Below are the records; extract from them the line containing "Ingredients for S'mores bark" to the line containing "Volkswagen Touran - 34", both lines included, exactly and with no pictures.

PROVIDED DATA:
[Start of Attachment]

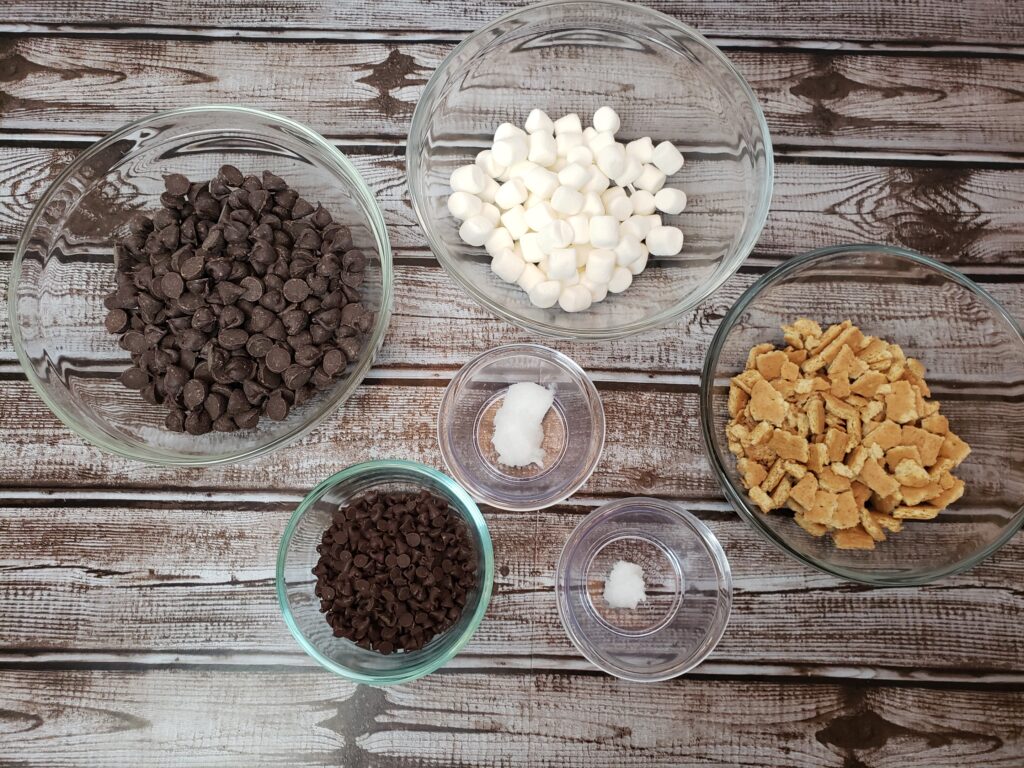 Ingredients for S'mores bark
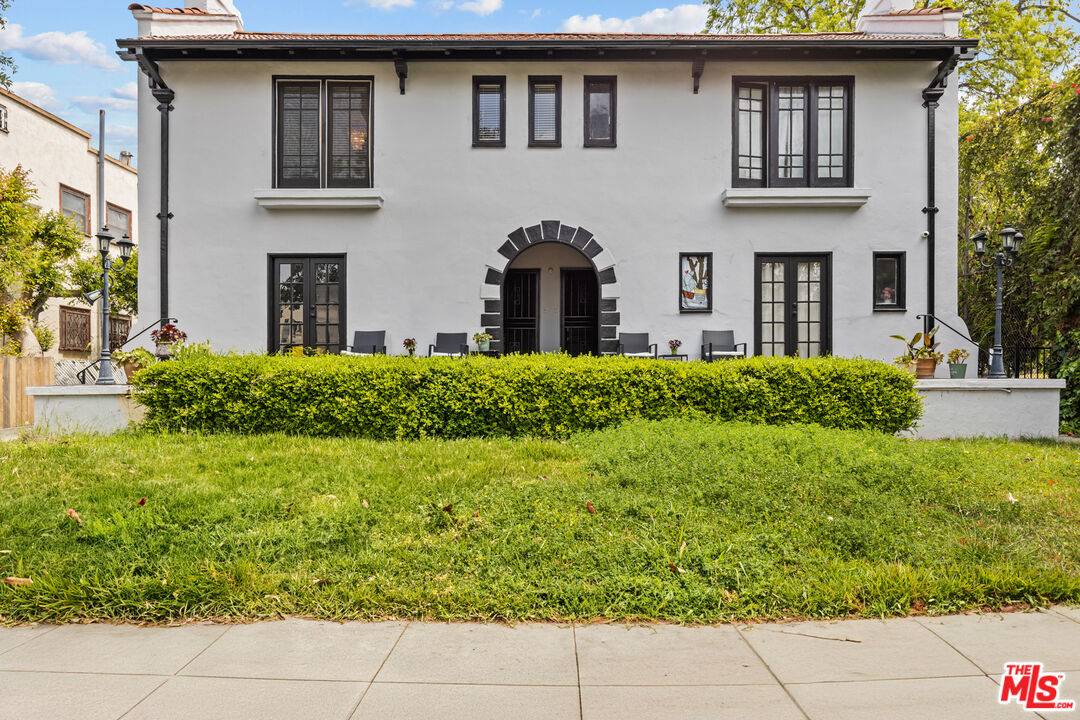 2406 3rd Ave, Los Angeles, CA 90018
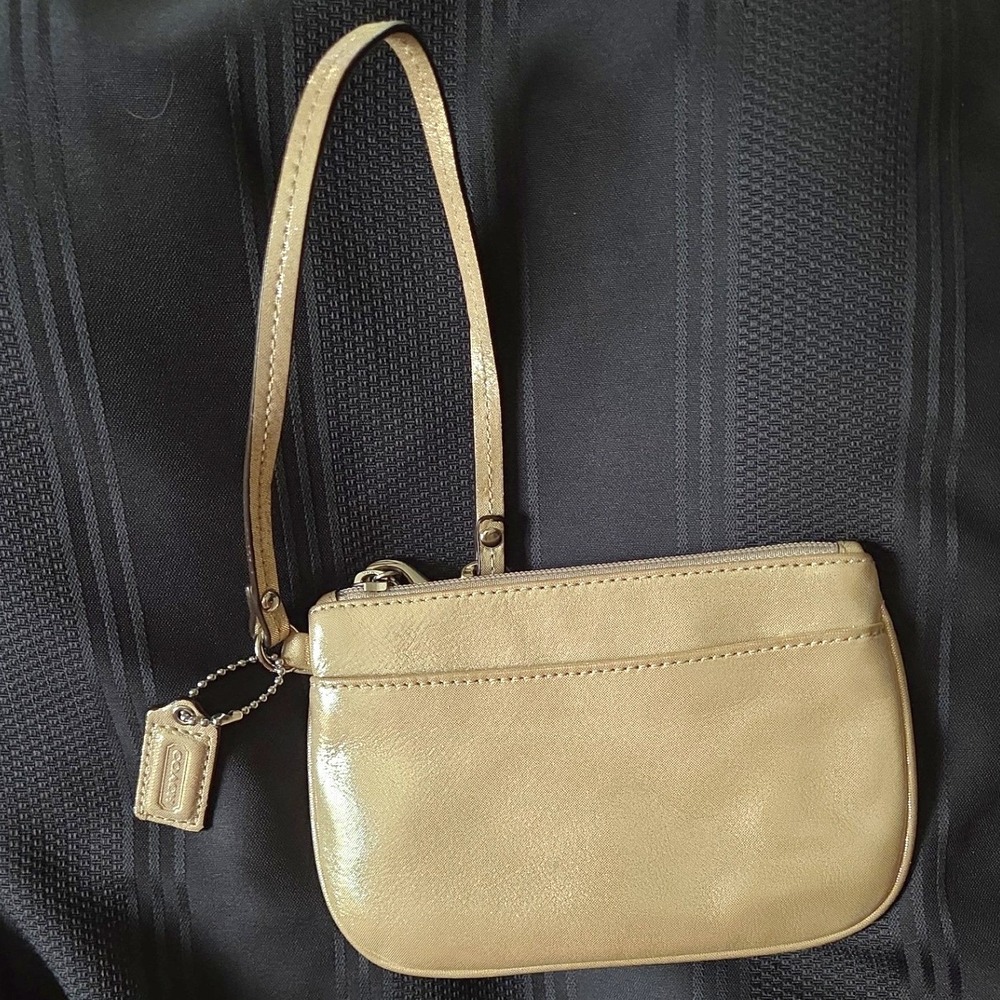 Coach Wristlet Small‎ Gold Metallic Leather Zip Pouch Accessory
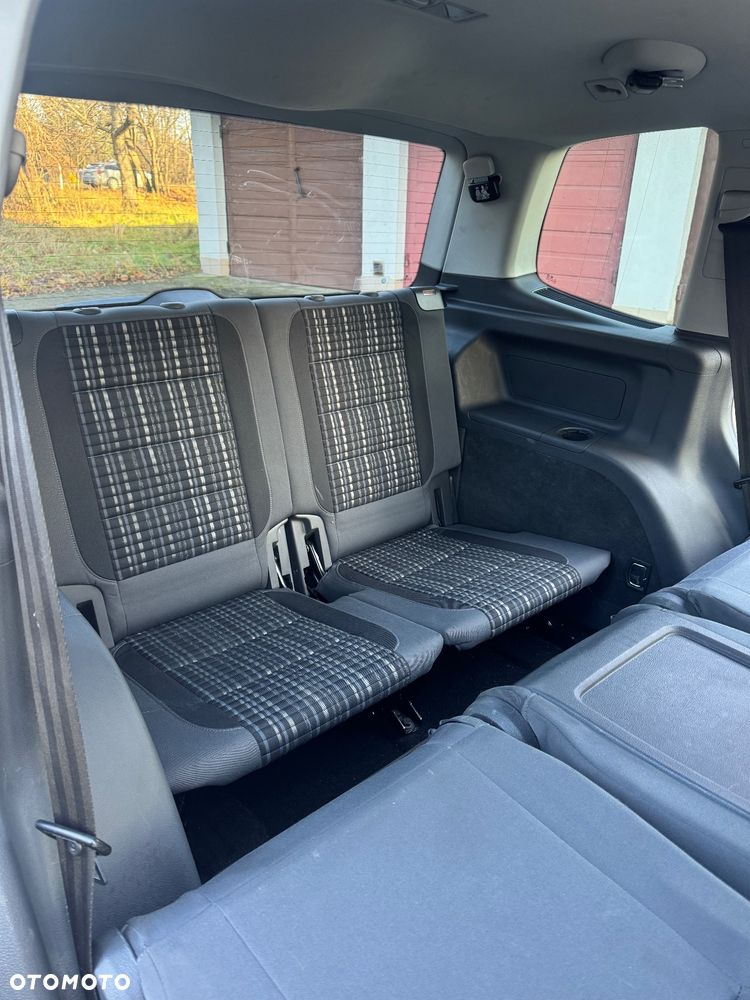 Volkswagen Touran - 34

[End of Attachment]
[Start of Attachment]

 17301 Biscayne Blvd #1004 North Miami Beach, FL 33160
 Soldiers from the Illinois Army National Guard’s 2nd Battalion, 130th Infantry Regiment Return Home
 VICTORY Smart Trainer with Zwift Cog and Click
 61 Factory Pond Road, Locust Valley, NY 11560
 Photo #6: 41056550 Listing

[End of Attachment]
[Start of Attachment]

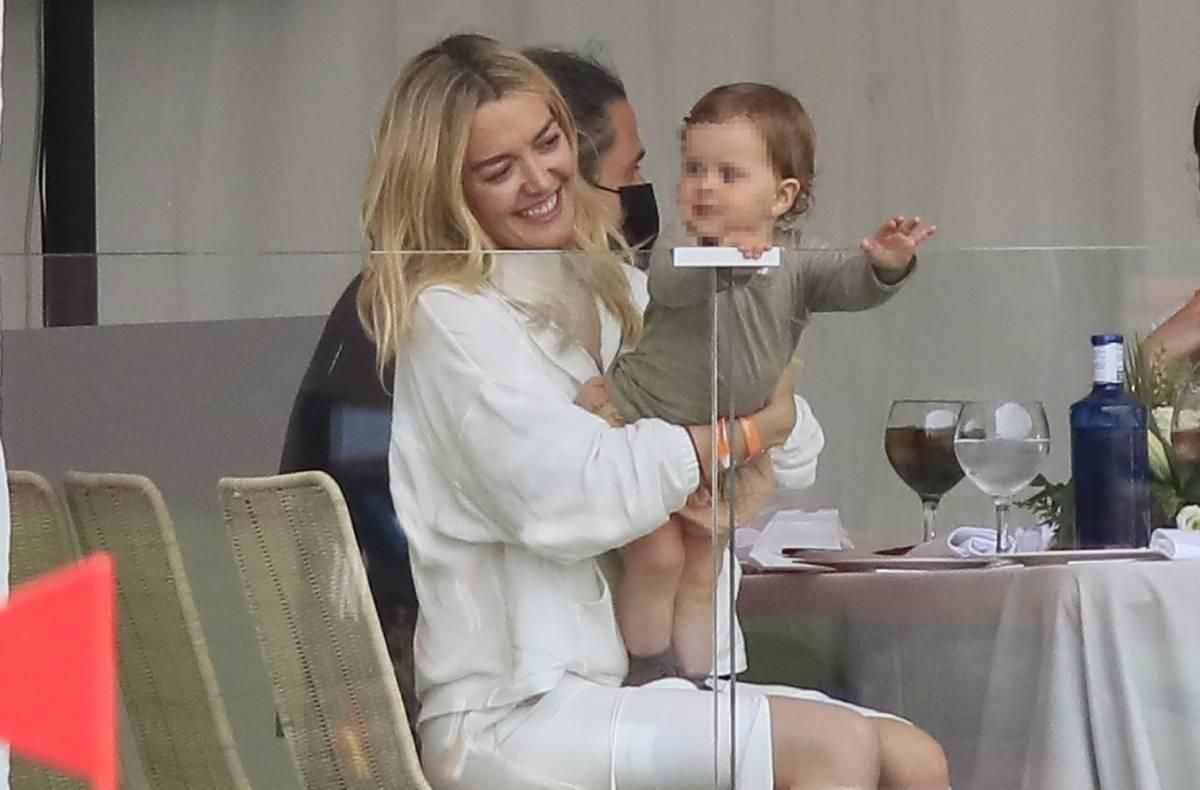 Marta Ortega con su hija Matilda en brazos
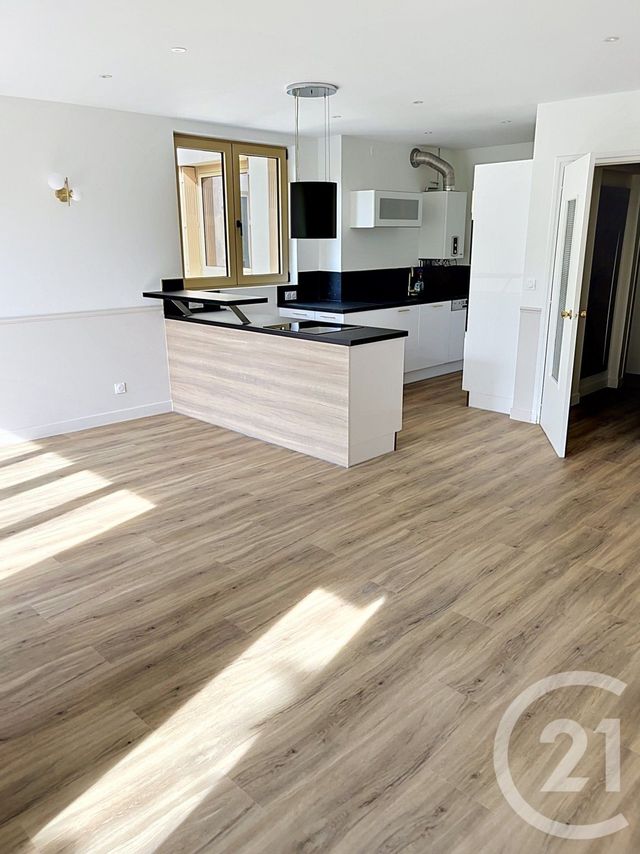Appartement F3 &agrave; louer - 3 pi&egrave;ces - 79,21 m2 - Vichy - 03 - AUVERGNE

[End of Attachment]

COMPLETED TASK:
 Ingredients for S'mores bark
 2406 3rd Ave, Los Angeles, CA 90018
 Coach Wristlet Small‎ Gold Metallic Leather Zip Pouch Accessory
 Volkswagen Touran - 34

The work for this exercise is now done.